Resilient functions: Optimized, simplified, and generalized
Peter Ivanov, Emanuele Viola
TL;DR
This work advances the theory of resilient Boolean functions by providing explicit depth-3 circuits that are resilient to coalitions of size $c n/\log^{2} n$ with bias $n^{-c}$ and extending the construction to biased product distributions $B_{\sigma}$. The core method combines expander-walk samplers with a Reed-Solomon-based design and a refined Janson inequality to bound bias, yielding a simpler, explicit construction that nearly matches nonexplicit results. It also achieves exact balance (up to constants) and matches the KKL-type influence bounds, addressing longstanding questions about tradeoffs between resilience, balance, and bias.

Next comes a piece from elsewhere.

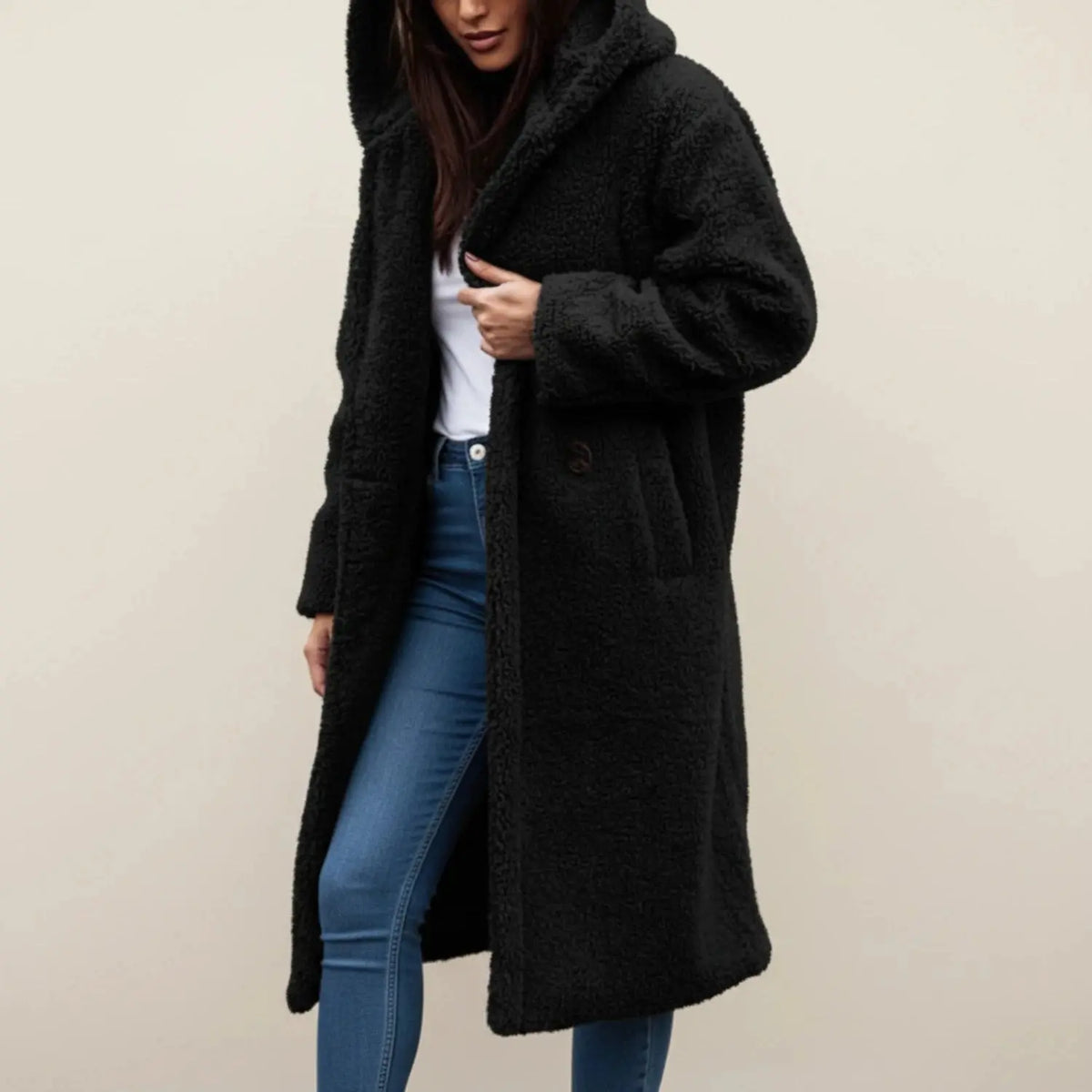 View of a cozy relaxed winter coat in soft gray fabric, featuring a hood and a slightly oversized fit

The results have implications for randomness extractors and related combinatorial constructions by providing robust, efficient circuit realizations under nonuniform distributions.
Abstract
An $n$-bit boolean function is resilient to coalitions of size $q$ if any fixed set of $q$ bits is unlikely to influence the function when the other $n-q$ bits are chosen uniformly. We give explicit constructions of depth-$3$ circuits that are resilient to coalitions of size $cn/\log^{2}n$ with bias $n^{-c}$. Previous explicit constructions with the same resilience had constant bias. Our construction is simpler and we generalize it to biased product distributions. Our proof builds on previous work; the main differences are the use of a tail bound for expander walks in combination with a refined analysis based on Janson's inequality.